§ Problem
In the entries that follow, the lines from the one with "Pre-Owned Zadig &" through the one with "All parts for" are the ones to write out, exactly and with both ends included. Nothing else should appear.

§ Data listing
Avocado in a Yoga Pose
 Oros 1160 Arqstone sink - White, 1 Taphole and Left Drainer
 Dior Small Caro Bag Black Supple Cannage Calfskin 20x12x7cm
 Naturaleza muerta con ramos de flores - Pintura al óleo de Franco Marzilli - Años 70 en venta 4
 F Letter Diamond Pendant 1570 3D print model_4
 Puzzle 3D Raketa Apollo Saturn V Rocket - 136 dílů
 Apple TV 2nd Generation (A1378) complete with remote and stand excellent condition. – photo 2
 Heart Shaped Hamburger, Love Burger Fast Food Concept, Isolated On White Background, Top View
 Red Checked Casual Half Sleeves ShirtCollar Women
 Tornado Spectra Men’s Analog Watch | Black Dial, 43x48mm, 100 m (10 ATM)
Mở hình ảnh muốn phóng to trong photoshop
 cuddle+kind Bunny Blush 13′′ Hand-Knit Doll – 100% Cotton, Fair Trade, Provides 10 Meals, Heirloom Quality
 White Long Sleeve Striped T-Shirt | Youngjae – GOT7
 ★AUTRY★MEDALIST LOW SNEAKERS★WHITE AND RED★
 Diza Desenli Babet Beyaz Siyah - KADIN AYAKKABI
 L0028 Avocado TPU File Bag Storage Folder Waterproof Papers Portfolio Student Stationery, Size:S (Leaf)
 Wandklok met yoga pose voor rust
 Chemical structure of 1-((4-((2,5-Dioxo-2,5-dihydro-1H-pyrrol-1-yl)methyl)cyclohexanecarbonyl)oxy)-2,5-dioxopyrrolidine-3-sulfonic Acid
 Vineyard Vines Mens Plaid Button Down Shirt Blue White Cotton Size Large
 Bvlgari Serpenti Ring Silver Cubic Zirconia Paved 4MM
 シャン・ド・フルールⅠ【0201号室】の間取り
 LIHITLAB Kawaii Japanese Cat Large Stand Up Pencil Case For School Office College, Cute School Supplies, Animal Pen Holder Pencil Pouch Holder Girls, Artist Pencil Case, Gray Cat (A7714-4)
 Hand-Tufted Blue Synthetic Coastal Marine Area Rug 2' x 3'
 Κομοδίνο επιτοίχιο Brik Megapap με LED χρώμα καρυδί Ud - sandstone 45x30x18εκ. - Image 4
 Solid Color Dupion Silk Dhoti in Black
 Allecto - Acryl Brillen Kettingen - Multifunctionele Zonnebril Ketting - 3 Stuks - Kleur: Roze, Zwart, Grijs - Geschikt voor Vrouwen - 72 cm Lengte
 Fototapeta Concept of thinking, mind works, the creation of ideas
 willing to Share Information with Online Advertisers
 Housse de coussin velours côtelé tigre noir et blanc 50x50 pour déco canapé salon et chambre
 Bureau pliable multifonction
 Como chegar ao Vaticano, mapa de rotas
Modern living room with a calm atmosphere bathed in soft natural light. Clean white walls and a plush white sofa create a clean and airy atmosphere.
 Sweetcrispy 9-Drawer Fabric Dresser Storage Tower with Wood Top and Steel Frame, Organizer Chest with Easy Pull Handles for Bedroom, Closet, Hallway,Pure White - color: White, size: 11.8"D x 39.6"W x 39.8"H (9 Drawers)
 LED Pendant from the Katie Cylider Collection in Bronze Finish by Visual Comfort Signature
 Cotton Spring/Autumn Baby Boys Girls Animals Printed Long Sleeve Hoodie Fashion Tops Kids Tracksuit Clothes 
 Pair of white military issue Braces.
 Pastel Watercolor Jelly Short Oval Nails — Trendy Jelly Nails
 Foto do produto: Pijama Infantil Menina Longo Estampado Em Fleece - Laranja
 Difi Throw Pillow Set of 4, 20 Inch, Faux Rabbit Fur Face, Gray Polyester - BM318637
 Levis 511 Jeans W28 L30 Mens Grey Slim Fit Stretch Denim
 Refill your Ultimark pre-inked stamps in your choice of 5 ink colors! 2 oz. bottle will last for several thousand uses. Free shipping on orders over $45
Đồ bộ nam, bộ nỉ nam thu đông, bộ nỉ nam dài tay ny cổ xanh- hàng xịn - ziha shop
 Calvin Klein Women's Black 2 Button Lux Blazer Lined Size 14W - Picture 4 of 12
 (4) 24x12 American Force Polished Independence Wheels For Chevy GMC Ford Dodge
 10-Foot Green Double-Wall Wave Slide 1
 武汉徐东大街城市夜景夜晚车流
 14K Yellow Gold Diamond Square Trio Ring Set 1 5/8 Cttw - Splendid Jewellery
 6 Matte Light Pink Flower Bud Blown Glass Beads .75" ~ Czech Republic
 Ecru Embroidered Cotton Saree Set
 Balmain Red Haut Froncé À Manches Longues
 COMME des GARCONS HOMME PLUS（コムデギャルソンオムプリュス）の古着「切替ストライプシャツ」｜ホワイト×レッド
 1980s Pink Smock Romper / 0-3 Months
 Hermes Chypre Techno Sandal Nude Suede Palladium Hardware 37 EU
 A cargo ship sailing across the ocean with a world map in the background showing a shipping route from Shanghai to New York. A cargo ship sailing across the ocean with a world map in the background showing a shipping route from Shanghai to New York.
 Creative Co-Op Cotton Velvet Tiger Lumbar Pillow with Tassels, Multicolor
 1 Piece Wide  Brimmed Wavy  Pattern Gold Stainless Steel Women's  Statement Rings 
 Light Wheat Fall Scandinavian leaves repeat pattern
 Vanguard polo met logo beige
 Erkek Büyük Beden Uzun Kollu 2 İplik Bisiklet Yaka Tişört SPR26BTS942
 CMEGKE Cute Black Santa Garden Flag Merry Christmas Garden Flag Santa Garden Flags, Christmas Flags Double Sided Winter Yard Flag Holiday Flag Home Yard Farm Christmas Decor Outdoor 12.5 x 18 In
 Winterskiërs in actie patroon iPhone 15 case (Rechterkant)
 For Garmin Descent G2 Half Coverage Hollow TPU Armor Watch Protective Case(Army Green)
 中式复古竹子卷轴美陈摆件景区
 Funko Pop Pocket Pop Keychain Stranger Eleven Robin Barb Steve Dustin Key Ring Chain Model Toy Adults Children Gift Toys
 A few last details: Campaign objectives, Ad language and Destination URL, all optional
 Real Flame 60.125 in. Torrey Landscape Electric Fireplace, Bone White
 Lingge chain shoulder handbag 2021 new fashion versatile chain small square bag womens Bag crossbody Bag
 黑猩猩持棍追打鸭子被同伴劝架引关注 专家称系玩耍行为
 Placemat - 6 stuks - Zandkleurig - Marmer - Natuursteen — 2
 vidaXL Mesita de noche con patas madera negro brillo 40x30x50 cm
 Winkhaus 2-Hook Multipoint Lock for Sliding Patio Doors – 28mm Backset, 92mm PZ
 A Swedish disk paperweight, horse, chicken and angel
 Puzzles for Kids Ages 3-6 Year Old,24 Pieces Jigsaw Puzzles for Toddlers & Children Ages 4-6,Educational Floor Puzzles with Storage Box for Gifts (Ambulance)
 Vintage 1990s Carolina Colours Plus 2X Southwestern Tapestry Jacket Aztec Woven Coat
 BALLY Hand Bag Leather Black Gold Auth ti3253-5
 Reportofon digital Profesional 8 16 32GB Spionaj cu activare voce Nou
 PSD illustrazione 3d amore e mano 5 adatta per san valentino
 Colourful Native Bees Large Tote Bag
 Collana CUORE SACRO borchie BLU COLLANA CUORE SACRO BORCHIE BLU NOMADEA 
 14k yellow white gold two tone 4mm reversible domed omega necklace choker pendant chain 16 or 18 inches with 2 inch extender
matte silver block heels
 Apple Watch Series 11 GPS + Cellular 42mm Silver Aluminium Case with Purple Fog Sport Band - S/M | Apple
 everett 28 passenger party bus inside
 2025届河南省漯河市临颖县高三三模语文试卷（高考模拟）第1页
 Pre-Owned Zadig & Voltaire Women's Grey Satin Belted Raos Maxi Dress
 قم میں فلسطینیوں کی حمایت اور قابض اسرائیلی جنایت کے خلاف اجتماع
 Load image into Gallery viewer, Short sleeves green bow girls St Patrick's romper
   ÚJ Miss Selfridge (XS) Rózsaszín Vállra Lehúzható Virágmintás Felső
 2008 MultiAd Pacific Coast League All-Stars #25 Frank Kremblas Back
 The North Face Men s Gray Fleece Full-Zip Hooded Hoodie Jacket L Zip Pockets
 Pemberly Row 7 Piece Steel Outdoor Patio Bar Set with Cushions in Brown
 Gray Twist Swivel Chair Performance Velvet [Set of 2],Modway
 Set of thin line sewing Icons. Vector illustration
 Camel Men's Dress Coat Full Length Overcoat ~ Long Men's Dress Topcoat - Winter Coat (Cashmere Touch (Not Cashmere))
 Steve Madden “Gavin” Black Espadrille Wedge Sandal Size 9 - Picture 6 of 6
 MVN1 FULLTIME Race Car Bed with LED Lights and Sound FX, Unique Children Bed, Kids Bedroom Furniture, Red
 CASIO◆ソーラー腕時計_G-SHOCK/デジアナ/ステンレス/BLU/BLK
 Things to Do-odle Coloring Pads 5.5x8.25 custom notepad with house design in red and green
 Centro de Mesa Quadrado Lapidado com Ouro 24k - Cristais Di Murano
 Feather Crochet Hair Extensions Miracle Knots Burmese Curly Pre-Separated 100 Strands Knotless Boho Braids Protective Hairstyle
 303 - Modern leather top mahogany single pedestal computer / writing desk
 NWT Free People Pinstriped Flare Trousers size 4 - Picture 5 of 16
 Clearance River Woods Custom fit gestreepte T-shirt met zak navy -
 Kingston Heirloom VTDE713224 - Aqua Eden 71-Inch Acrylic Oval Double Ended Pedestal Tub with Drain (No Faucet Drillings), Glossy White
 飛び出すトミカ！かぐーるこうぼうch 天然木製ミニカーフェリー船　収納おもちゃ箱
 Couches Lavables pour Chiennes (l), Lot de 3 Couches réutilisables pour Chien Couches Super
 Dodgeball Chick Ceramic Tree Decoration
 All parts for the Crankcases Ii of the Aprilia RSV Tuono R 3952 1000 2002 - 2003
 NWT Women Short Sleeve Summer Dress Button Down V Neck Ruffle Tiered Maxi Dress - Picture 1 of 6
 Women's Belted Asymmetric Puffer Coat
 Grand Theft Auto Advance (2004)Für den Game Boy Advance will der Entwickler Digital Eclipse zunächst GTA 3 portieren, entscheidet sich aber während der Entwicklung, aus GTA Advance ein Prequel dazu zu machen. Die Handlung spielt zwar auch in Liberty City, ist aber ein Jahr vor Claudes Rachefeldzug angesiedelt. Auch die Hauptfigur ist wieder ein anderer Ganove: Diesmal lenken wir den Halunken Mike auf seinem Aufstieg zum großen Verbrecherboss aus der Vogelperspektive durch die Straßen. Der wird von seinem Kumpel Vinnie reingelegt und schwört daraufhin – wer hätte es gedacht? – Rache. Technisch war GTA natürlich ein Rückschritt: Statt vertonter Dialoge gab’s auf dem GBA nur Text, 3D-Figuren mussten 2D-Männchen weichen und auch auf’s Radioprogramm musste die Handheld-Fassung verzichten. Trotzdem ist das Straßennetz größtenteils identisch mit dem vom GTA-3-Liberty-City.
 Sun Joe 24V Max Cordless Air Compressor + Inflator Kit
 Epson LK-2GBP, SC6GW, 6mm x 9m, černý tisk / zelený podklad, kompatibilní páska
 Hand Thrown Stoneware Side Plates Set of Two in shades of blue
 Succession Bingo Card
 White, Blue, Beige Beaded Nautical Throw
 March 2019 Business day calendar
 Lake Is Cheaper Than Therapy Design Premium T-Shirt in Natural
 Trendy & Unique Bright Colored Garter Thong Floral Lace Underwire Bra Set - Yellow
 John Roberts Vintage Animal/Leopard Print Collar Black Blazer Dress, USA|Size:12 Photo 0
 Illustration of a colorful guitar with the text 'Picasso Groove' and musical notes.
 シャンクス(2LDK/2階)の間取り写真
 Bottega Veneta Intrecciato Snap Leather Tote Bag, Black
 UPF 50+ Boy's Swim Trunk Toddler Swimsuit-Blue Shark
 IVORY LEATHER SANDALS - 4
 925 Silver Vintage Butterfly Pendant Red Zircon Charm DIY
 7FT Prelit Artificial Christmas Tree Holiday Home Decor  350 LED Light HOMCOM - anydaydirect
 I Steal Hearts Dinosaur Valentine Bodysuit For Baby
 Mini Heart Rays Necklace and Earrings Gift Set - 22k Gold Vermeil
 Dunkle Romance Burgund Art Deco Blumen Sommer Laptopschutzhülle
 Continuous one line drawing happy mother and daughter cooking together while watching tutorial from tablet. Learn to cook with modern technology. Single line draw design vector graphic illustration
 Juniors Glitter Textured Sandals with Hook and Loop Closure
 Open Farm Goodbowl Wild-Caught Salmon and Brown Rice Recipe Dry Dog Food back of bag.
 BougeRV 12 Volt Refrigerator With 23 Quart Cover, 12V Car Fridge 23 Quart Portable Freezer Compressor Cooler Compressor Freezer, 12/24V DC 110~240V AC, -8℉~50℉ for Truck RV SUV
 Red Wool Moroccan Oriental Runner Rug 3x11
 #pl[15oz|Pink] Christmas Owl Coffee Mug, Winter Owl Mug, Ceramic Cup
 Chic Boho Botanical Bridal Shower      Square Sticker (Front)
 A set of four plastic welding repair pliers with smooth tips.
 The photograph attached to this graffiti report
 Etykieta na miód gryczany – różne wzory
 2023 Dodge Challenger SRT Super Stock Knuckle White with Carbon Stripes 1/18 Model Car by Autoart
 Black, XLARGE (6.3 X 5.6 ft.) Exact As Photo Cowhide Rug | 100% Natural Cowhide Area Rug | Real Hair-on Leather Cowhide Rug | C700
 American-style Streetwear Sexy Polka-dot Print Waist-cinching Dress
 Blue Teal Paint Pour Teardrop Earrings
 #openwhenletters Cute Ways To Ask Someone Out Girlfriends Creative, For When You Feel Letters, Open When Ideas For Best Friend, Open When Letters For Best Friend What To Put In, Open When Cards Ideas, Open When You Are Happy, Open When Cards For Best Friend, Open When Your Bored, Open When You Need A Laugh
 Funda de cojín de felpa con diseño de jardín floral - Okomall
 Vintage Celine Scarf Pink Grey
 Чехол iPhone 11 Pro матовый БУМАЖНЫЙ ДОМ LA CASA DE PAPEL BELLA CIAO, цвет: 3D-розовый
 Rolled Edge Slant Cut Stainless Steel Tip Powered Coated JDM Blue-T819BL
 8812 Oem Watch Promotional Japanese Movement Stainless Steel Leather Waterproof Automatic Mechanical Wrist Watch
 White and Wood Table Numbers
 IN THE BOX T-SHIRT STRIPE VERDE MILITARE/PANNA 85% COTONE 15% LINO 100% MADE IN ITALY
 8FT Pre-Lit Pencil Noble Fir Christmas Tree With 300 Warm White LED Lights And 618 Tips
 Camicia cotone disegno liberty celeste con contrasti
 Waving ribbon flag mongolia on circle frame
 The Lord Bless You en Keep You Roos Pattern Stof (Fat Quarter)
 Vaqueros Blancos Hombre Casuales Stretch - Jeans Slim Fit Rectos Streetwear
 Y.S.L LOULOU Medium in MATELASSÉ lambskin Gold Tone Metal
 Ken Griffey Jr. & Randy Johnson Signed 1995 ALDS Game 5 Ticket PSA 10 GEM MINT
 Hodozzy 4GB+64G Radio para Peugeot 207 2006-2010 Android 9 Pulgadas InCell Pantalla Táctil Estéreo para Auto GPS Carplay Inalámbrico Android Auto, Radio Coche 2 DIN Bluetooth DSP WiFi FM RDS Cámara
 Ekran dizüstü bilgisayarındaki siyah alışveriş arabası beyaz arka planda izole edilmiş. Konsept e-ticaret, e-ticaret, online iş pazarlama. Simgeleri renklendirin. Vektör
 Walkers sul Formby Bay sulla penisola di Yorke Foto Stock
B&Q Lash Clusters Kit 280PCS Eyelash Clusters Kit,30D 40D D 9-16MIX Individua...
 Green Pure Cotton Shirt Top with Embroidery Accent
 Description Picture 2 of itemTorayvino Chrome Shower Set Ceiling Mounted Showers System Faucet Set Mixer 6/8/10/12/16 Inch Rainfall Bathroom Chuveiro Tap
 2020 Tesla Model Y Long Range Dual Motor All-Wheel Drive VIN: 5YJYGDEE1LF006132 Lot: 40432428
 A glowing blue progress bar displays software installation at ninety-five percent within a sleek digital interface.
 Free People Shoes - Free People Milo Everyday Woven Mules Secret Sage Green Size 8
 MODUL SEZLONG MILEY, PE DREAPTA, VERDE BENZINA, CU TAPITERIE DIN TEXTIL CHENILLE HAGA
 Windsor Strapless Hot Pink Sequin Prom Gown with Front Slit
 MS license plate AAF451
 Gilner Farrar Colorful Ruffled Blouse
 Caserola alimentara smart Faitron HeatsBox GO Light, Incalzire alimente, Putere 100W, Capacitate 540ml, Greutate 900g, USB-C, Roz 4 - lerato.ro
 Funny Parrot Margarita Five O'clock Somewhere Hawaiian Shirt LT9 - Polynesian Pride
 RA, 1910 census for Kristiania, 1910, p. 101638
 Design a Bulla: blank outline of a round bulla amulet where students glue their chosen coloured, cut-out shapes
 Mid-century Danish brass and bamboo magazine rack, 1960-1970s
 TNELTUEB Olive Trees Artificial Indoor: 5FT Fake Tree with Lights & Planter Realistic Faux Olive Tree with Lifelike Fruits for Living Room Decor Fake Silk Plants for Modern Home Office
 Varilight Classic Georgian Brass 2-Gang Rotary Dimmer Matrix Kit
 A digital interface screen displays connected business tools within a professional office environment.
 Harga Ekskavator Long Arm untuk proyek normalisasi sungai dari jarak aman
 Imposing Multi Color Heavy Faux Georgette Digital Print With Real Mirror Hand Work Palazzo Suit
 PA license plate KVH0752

§ Output of the exercise
 Pre-Owned Zadig & Voltaire Women's Grey Satin Belted Raos Maxi Dress
 قم میں فلسطینیوں کی حمایت اور قابض اسرائیلی جنایت کے خلاف اجتماع
 Load image into Gallery viewer, Short sleeves green bow girls St Patrick's romper
   ÚJ Miss Selfridge (XS) Rózsaszín Vállra Lehúzható Virágmintás Felső
 2008 MultiAd Pacific Coast League All-Stars #25 Frank Kremblas Back
 The North Face Men s Gray Fleece Full-Zip Hooded Hoodie Jacket L Zip Pockets
 Pemberly Row 7 Piece Steel Outdoor Patio Bar Set with Cushions in Brown
 Gray Twist Swivel Chair Performance Velvet [Set of 2],Modway
 Set of thin line sewing Icons. Vector illustration
 Camel Men's Dress Coat Full Length Overcoat ~ Long Men's Dress Topcoat - Winter Coat (Cashmere Touch (Not Cashmere))
 Steve Madden “Gavin” Black Espadrille Wedge Sandal Size 9 - Picture 6 of 6
 MVN1 FULLTIME Race Car Bed with LED Lights and Sound FX, Unique Children Bed, Kids Bedroom Furniture, Red
 CASIO◆ソーラー腕時計_G-SHOCK/デジアナ/ステンレス/BLU/BLK
 Things to Do-odle Coloring Pads 5.5x8.25 custom notepad with house design in red and green
 Centro de Mesa Quadrado Lapidado com Ouro 24k - Cristais Di Murano
 Feather Crochet Hair Extensions Miracle Knots Burmese Curly Pre-Separated 100 Strands Knotless Boho Braids Protective Hairstyle
 303 - Modern leather top mahogany single pedestal computer / writing desk
 NWT Free People Pinstriped Flare Trousers size 4 - Picture 5 of 16
 Clearance River Woods Custom fit gestreepte T-shirt met zak navy -
 Kingston Heirloom VTDE713224 - Aqua Eden 71-Inch Acrylic Oval Double Ended Pedestal Tub with Drain (No Faucet Drillings), Glossy White
 飛び出すトミカ！かぐーるこうぼうch 天然木製ミニカーフェリー船　収納おもちゃ箱
 Couches Lavables pour Chiennes (l), Lot de 3 Couches réutilisables pour Chien Couches Super
 Dodgeball Chick Ceramic Tree Decoration
 All parts for the Crankcases Ii of the Aprilia RSV Tuono R 3952 1000 2002 - 2003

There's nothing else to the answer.